One of the goals will be to bring back a total of 85 kilograms of lunar samples, both from the surface and sub-surface, more than the average 64 kilograms brought back by Apollo mission members between 1969 and 1972.
"The Moon holds vast scientific potential and astronauts are going to help us enable that science," said Thomas Zurbuchen, associate administrator for NASA's Science Mission Directorate.
"This report helps outline a path forward toward the compelling science we can now contemplate doing on the lunar surface in conjunction with human explorers," Zurbuchen said.
The Artemis I mission, scheduled to take place before the end of 2021, will involve a test of the Space Launch System and an unmanned Orion spacecraft.
Artemis II will see a crewed test flight sent into orbit in 2023 but will not involve an actual landing on the Moon.
Artemis III is to send astronauts, including the first woman, to the Moon in 2024.
In the 188-page report, NASA set seven scientific objectives for the Artemis III mission including understanding planetary processes.
The astronauts will only have a maximum of six and a half days on the Moon and the report provides a resource for mission planners who will be developing their surface activities.
Among the recommendations from the experts is establishing a real-time data and video link to a science support team on the ground which can back up the astronauts.
They also suggested the development of lighter scientific instruments which are capable of carrying out more than one investigation or measurement.
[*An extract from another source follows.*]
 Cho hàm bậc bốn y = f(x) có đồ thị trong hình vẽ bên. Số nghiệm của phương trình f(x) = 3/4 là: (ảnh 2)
In addition, they said NASA should consider pre-positioning science assets in the vicinity of the Artemis III landing site.
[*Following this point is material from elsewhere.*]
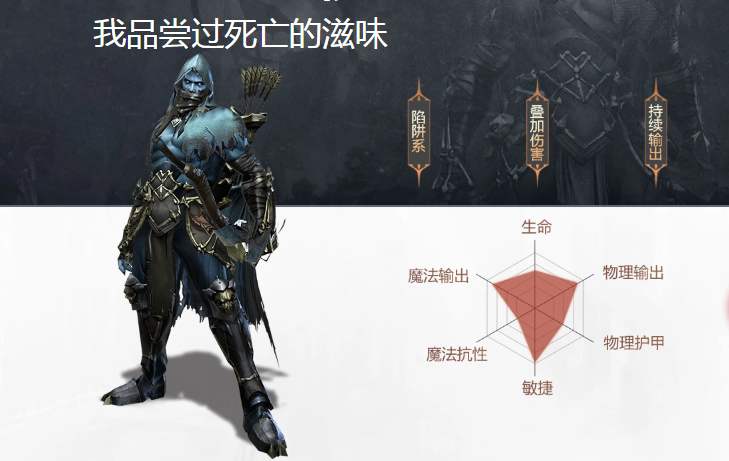 拉结尔死亡游侠天赋 拉结尔手游射手最强加点方案推荐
"This could consist of an inert cache of tools/instruments to be accessed by crew upon arrival, and/or one or more instrumented landers or rovers for environmental monitoring," they said.
NASA's eventual goal is to establish an Artemis Base Camp on the Moon before the end of the decade, an ambitious plan that would require tens of billions of dollar of funding and the green light from President-elect Joe Biden and Congress.